PEERING INTO THE DARK (AGES)
When I originally decided to focus my novel writing career on the so-called Dark Ages, I only partially knew what I was letting myself in for. As a Nottingham history student, I read Sir Frank Stenton’s authoritative contribution to the Oxford series. A browse through his pages and footnotes shows you how the best of historians struggles to piece together people/places/dates.
Many of these categories are subject to debate, even controversy.

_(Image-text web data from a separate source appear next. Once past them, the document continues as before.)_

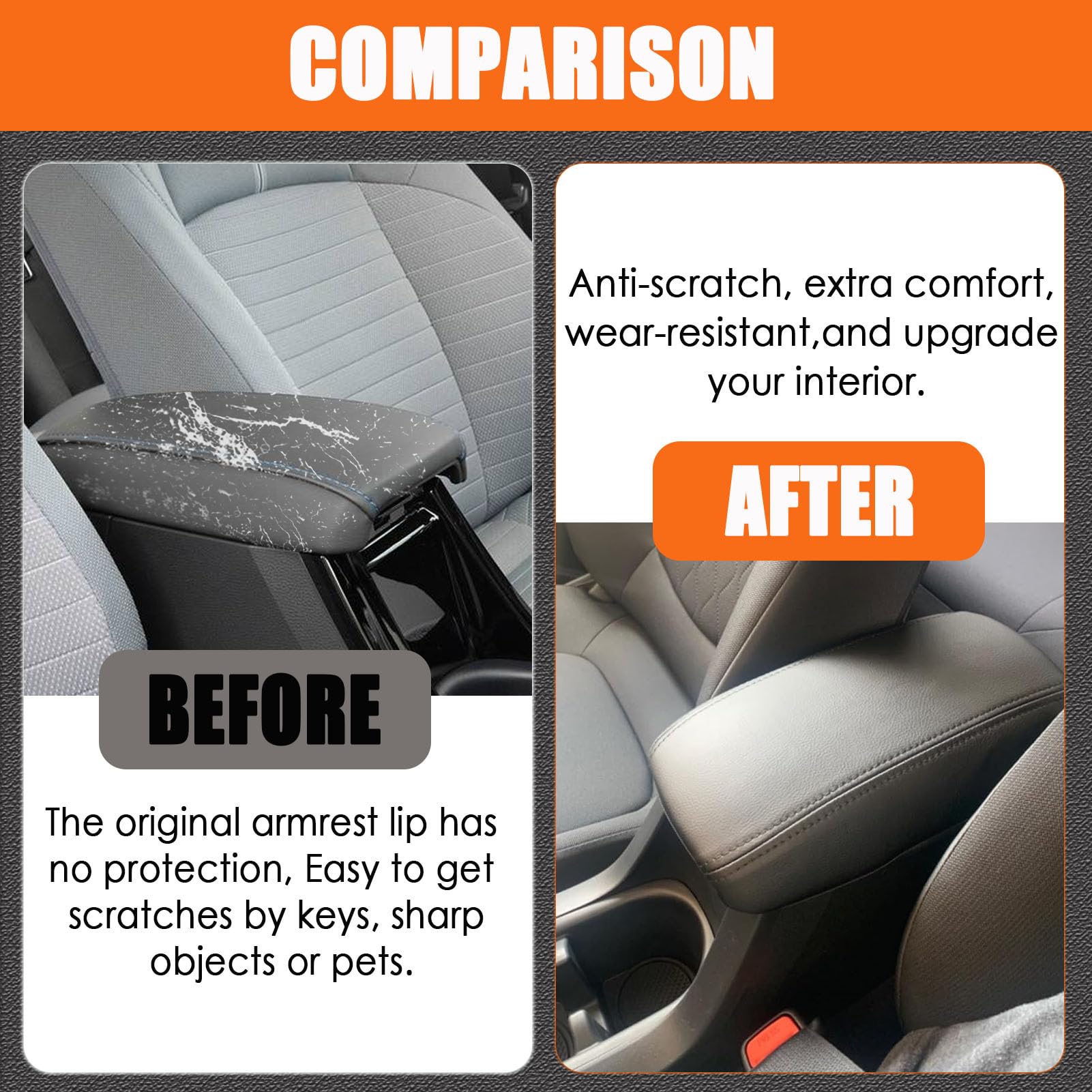 ANMOSVO center-console cover leather-material highlights premium, durable feel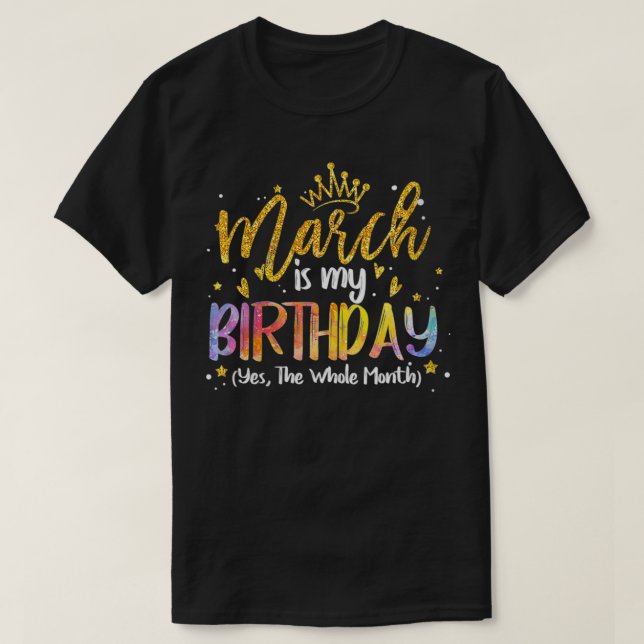 Camiseta Marcha De Mujeres Es Mi Cumpleaños Sí Todo El Mes  (Diseño del anverso)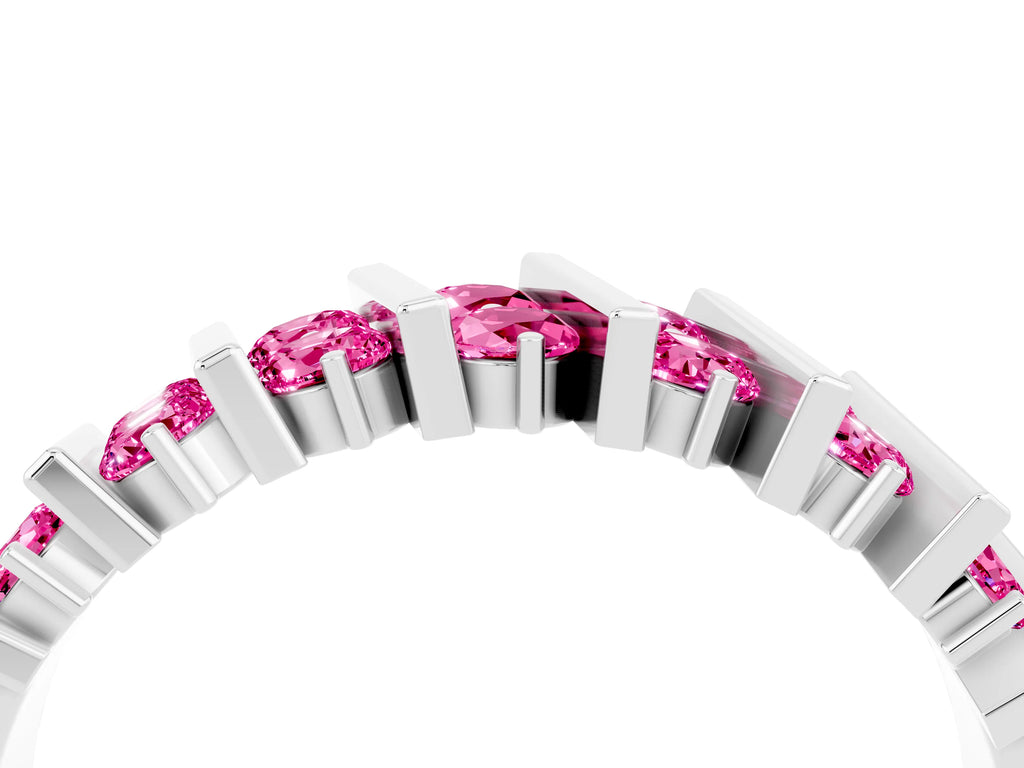 Round Pink Sapphire Anniversary Band in Platinum with Channel Setting and Vertical Prongs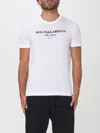 Dolce & Gabbana White Crewneck T-shirt With Logo Lettering Print On The Front In White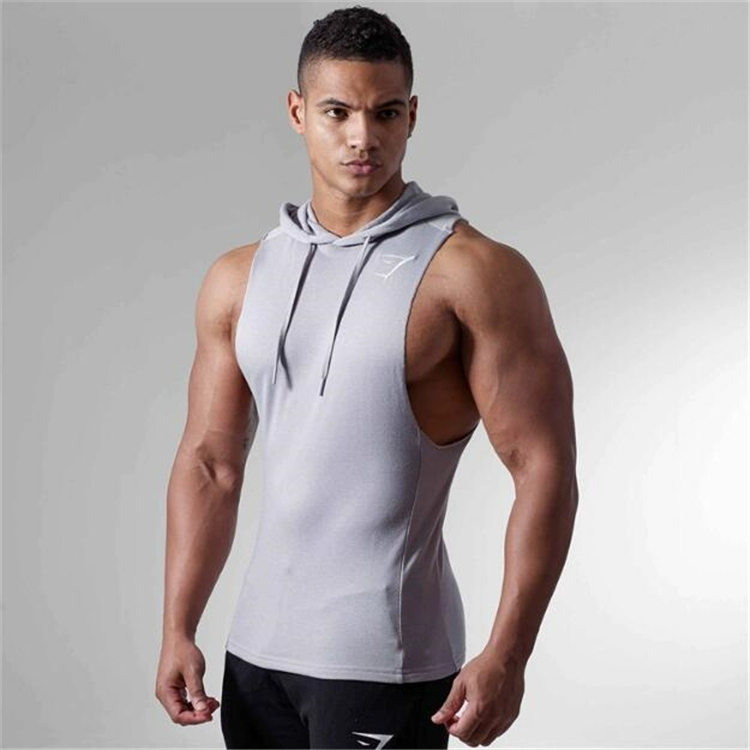 Cơ bắp anh em thể thao vest thể thao nam tay áo hoodie Slim cotton vest rắn màu áo trùm đầu áo thun áo khoác tập gym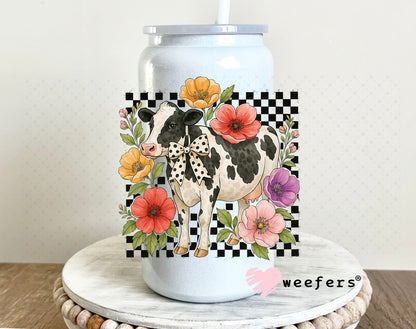 UV DTF Decal - Checkered Flower Cow 16oz Glass Can Generic Weefers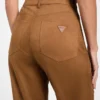 Aria Faux-Suede High-Rise Straight Pants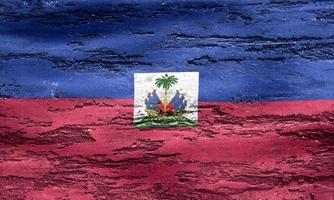 Illustration 3d d'un drapeau d'Haïti - drapeau en tissu ondulant réaliste photo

The problem, of course, boils down to record-keeping. It is well known that the primary source of our knowledge of the period, loosely 500-1000 AD, are monastic writings, many of which occurred retrospectively, even centuries later. Otherwise, we rely on charters and archaeology. The latter, thankfully, has developed into such a science that we can rightly claim to be ripping open a veil that has shrouded the period for so long. One thing that we have learnt from the various excavations, and even the more honest metal detector hobbyists, is that the Dark Ages were illuminated by magnificent artistic craftsmen, working metal but also weaving silk.
My latest novel, my current work-in-progress, has provided me with more head-scratching than usual. I chose to write ‘A Tale of Two Vikings’—that’s the subtitle—about two of the many Norse-Irish involved in the diaspora following the Viking expulsion from Dublin in 902AD by the Irish. First, I wanted to use real historical figures, rather than invent two archetypal fictional characters. I have no regrets, even if the choice took me into a historical labyrinth made up of blind turns, dead ends and pitfalls.
Let’s take my main characters: Óttar mac Iarnkné (a.k.a. Óttar the Black) and Ragnall ua Ímair. Dark Ages? What was the formula above? People/places/dates? Right, so what did I find or not find? First, Óttar was the subject of historical debate because the records confuse him with his father and cousin. Some historians debate whether a seventy-year-old Viking could have led his men in battle in the early tenth century. Of course not! I sorted that out to my satisfaction and feel fairly sure that my Óttar was actually the man expelled in 902. Places? The same. What happened to him after 902? Obviously, we have conflicting versions. Some accounts are so different that for (date?) I could choose. In the same year, at the same time, he can be found contemporaneously as far afield as Brittany and Scotland! And what about Ragnall? Some historians have gone as far as to claim that he was the famous Rollo, who founded the Norman dynasty. Nonsense! Then there’s the small matter of his death. It’s recorded that as king of Jorvik (York) he died in 920, whereas serious historians make the case that he simply left York that year and went on to raid in the Loire Valley and elsewhere for another twenty years. I’ve made my choices and as I write this, instead of sitting down to write Chapter 26, with 80000 words behind me of the novel, entitled EXPULSION, (look out for it, hopefully later in 2022), The End in nigh!
What have I learnt from researching this novel? About the Dark Ages – so much! I’ve had to research economic history, the salt and silk trades; religious history, the conversion of Viking pagans; political history, the Caliphate versus Byzantium, including the components of Greek Fire! And that’s not all, the hardest part was piecing together chronology and trying to plot the story to answer the questions what happened to whom in this period? Not to mention, trying to combat stereotypes about Vikings. Hopefully, in my small writerly, not scholarly way, I hasten to add and underline that, I have achieved an entertaining, informative page-turner. That is my desire. Thanks for reading this.
4/3/2022 09:07:08 pm
I'm an avid reader of John's work, in varying genres, and cannot but admire the attention to historical detail and accuracy that can only happen through meticulous research. I write fiction about history but I often wish I was a historian instead - my books would be be far better, and sell more copies! This blog is a very useful insight into John's approach to his writing.